The groundbreaking works of The Otolith Group, which include post-cinematic essayist films, videos, and multi-screen installations, tackle current social and environmental issues, the ramifications of neocolonialism, how humans have affected the environment, and the impact of new technology on consciousness.
The science fiction trilogy by Octavia Butler, The Xenogenesis Trilogy, is whence Xenogenesis gets its name.

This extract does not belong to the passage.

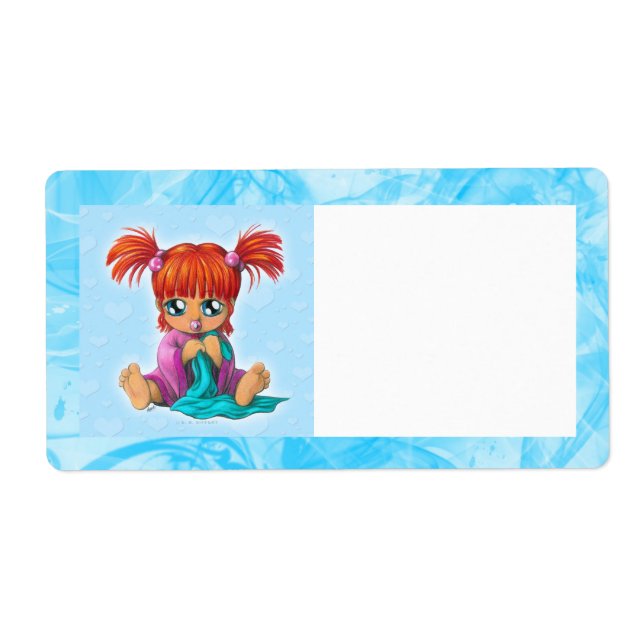 Chibi Baby Fraktsedel (Framsidan)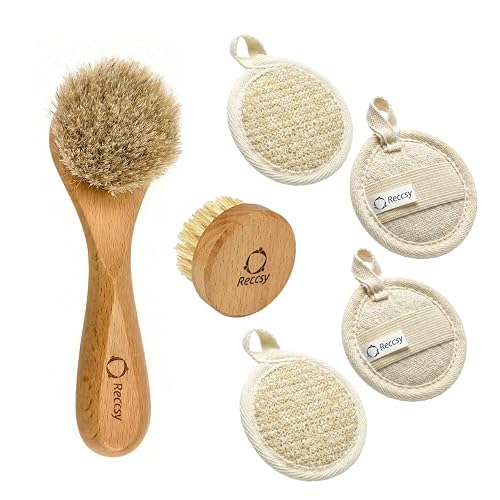 Reccsy Face Brush Set Exfoliating Cleansing product photo (Skincare Devices) — ScooterReviewPro review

Along with Octavia Butler (1947–2006), other significant figures that help to shape the exhibition’s compositional matrix include the polymath and educator Rabindranath Tagore (1861–1941) and the composer and musician Julius Eastman (1940–90).

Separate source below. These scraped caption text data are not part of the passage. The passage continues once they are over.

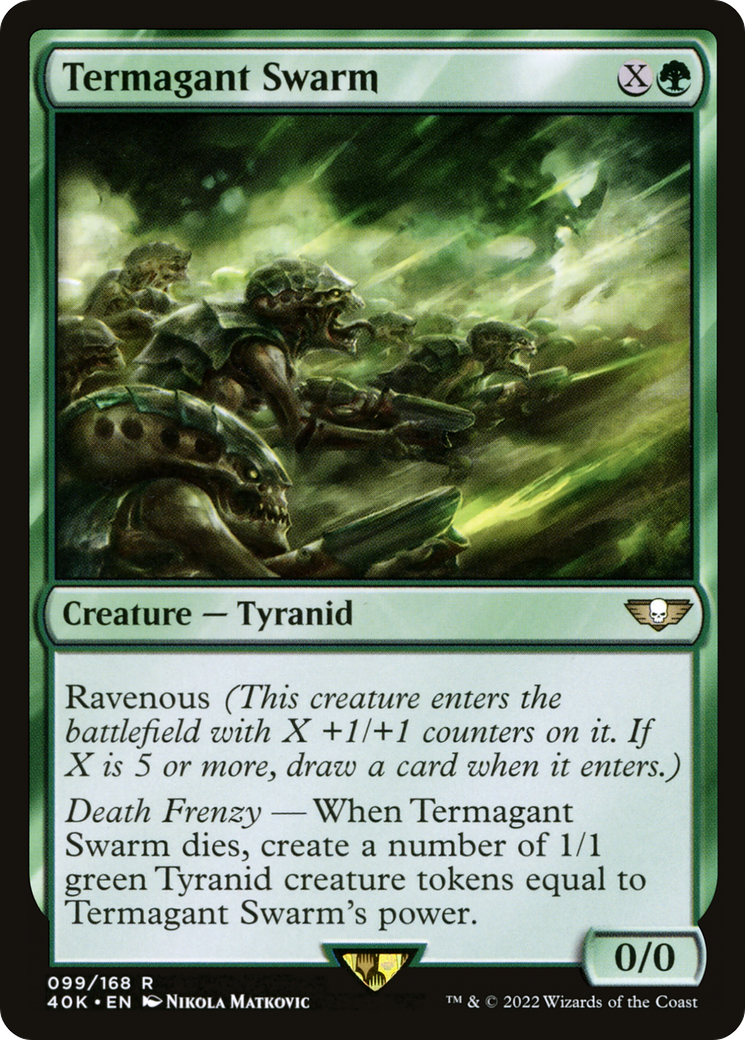 Termagant Swarm (099) - Warhammer 40,000 Commander
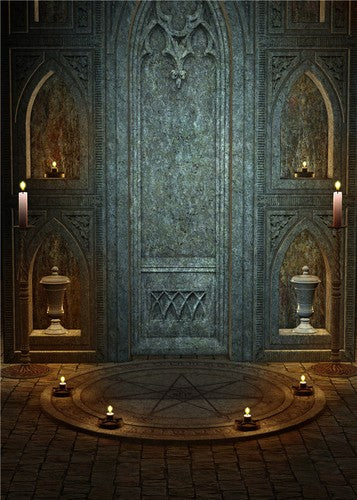 Vintage Photography Backdrops Castle Vinyl Photo Studio Background Retro 5x7FT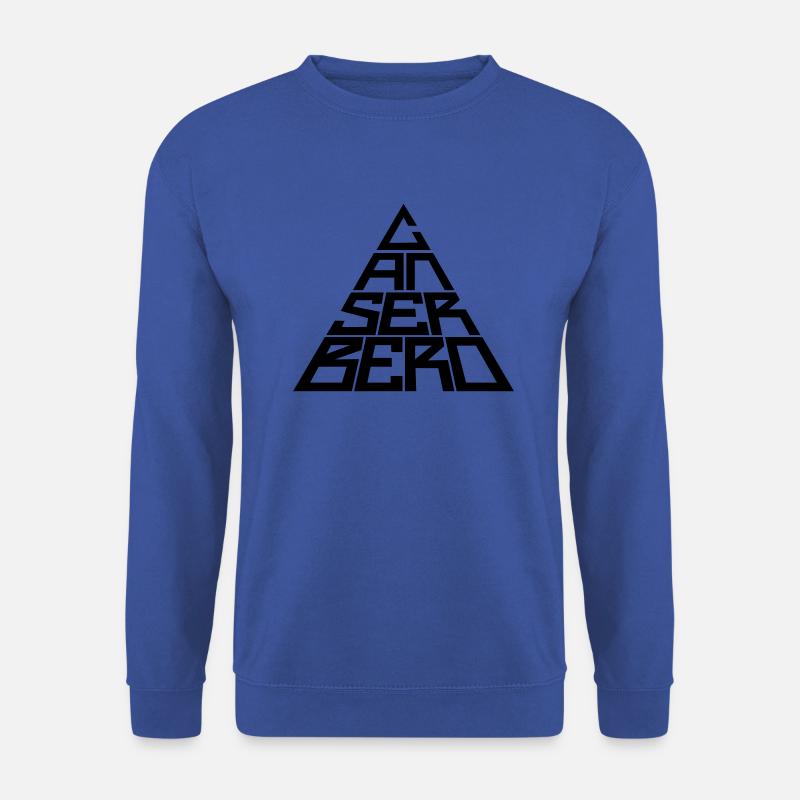 VECTORIZED CANSERBERO - Unisex Sweatshirt - royal blue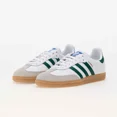 thumbnail image 1 of Adidas Originals Samba OG White Collegiate Green IE3437 Mens Shoes Sneakers, 1 of 6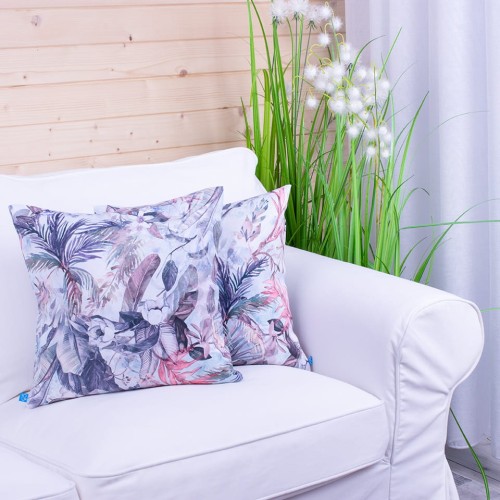 Poszewka ozdobna 45x45 cm New York Kwiaty 390892/101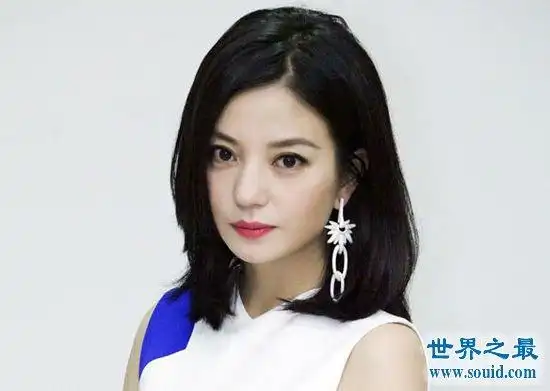 大清最标致的十张美人脸,大清最漂亮的女明星排行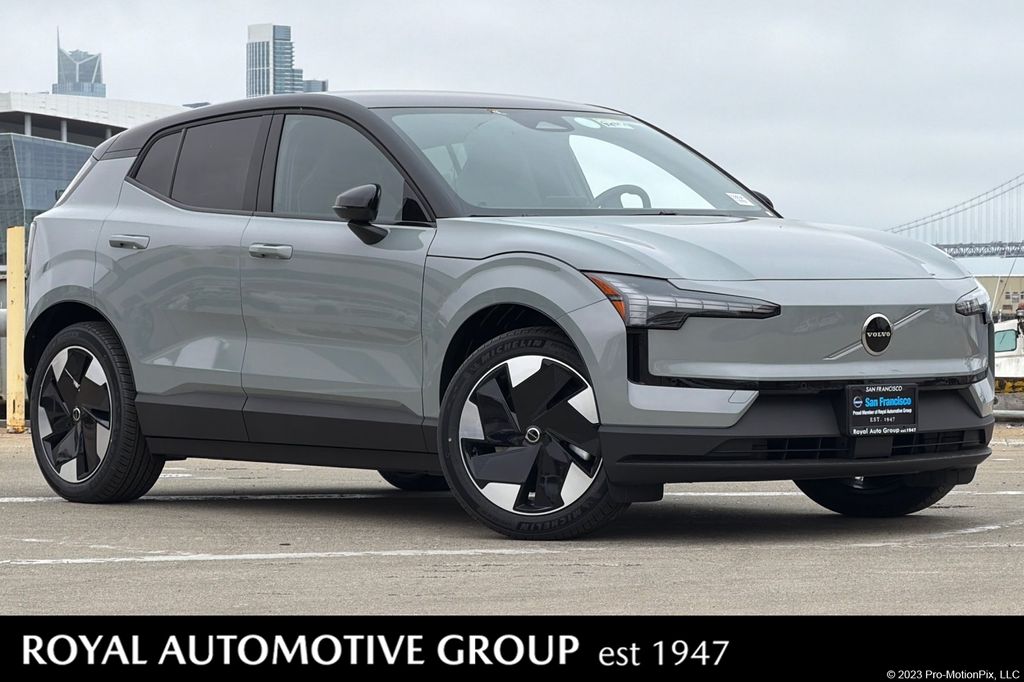 Gray Metallic 2026 Volvo EX30 SUV / Crossover All-Wheel Drive 1-Speed Automatic
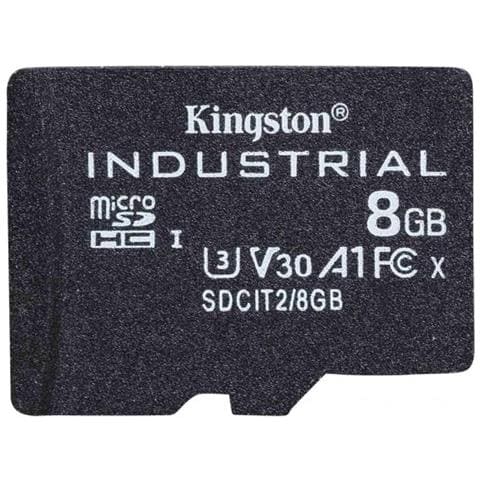 Technology Industrial 8 GB MicroSDHC UHS-I Classe 10 - Foto 1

The exhibition at IMMA, which was organized by Annie Fletcher, Director of IMMA, culminated a significant international collaboration that began at the Van Abbemuseum in the Netherlands and traveled to Buxton Contemporary in Melbourne, the Sharjah Art Foundation in Sharjah, the Museum of Contemporary Art Metelkova in Ljubljana, Slovenia, the Institute for Contemporary Art at Virginia Commonwealth University in Richmond, the Southern Alberta Art Gallery in Lethbridge, and the Van Abbemuseum again.
The Department of Xenogenesis (DXG), a time space for organizing public online and offline discussions, performances, screenings, and exhibitions with artists, filmmakers, theorists, and musicians, will be implemented by The Otolith Group and their venerable curatorial platform The Otolith Collective at IMMA. The DXG advances the display and has grown during the course of the tour.

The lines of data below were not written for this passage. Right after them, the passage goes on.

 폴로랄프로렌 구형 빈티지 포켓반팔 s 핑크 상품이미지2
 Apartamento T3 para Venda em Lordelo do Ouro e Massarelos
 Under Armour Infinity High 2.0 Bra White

Anjalika Sagar and Kodwo Eshun, two artists and thinkers, created the Otolith Group in that same year. The otolith’s physical structure functions as a sort of metaphorical “black box” for concealing purpose and determining disparity. It references to the histories of collective practices created by artists who theorize and theorists who practice art within and outside the United Kingdom by articulating the idea of the Otolith with the idea of the Group. Eshun and Sagar’s post-cinematic practice is influenced by an aesthetics of the essayistic that adopts the form of a science fiction of the present and explores the intertemporal crises and interscalar catastrophes that shape the Racial Capitalocene through moving images, sonic speculations, performances, publications, and installations.The Otolith Group has been commissioned to develop and exhibit their works, research, installations and publications by a wide range of museums, public and private galleries, biennials and foundations worldwide.